Investing in the stock market is about making money, and the only way you can get your money back is by selling shares or receiving dividends. However, income taxes eat up part of your profits, so it’s important to know how your gains will be taxed, and if any penalties will apply. When you file taxes after selling stock you’ve owned for one year or less, you won’t see a line item for a tax penalty on your tax return. But, you could end up paying more than if you had held the stock for over a year.
Calculating Capital Gains
When you sell capital assets, including shares of stock, you don’t pay taxes on the entire amount you receive from the sale. Instead, you only pay taxes on the portion of the proceeds that represents your gains. To calculate your gains, subtract what you paid to acquire the shares including any transaction fees from what you received in the sale after accounting for any fees. For example, if you bought $1,000 worth of stock and paid a $10 trading fee, then sold the stock for $1,320, but paid another $10 fee, your gains would be $300.
Capital gains on assets you’ve owned for one year or less are classified as short-term capital gains, while gains on assets you’ve owned for more than one year are classified as long-term capital gains.
Taxation of Short-Term Capital Gains
Short-term capital gains are taxed as ordinary income, and as of 2019, those rates can rise as high as 37 percent. The actual tax rate you pay on your short-term capital gains depends on your total taxable income and your filing status; the higher your taxable income, the higher your tax bracket. However, there is no additional penalty levied on profits from selling stocks within one year of buying them.
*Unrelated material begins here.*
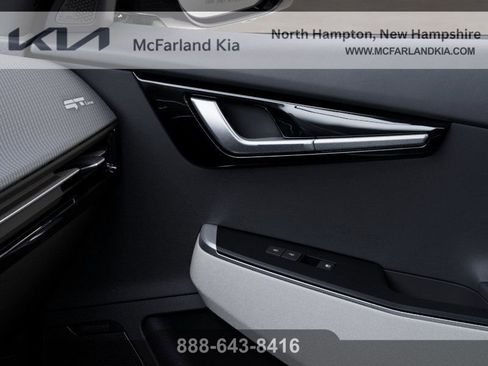 New 2025 Kia EV6 GT-Line image 26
Taxation of Long-Term Capital Gains
Long-term capital gains are taxed at lower tax rates than short-term gains, but the rates depend on your income. You don’t pay any income taxes on long-term capital gains: if you’re married and filing jointly and your taxable income falls below $78,750, head of the household with taxable income below $52,750 or single or married filing separately with taxable income below $39,375. Your long-term capital gains are taxed at 15 percent if your taxable income exceeds these thresholds but falls below $488,850 if married and filing jointly, $461,7 if the head of household, $434,551 if single or $244,425 if married and filing separately. Any long-term capital gains above these thresholds are taxed at 20 percent.
Therefore, while there isn’t technically a penalty for selling stocks within one year, you will be rewarded come tax time with lower rates for sales of stocks you’ve owned for more than one year.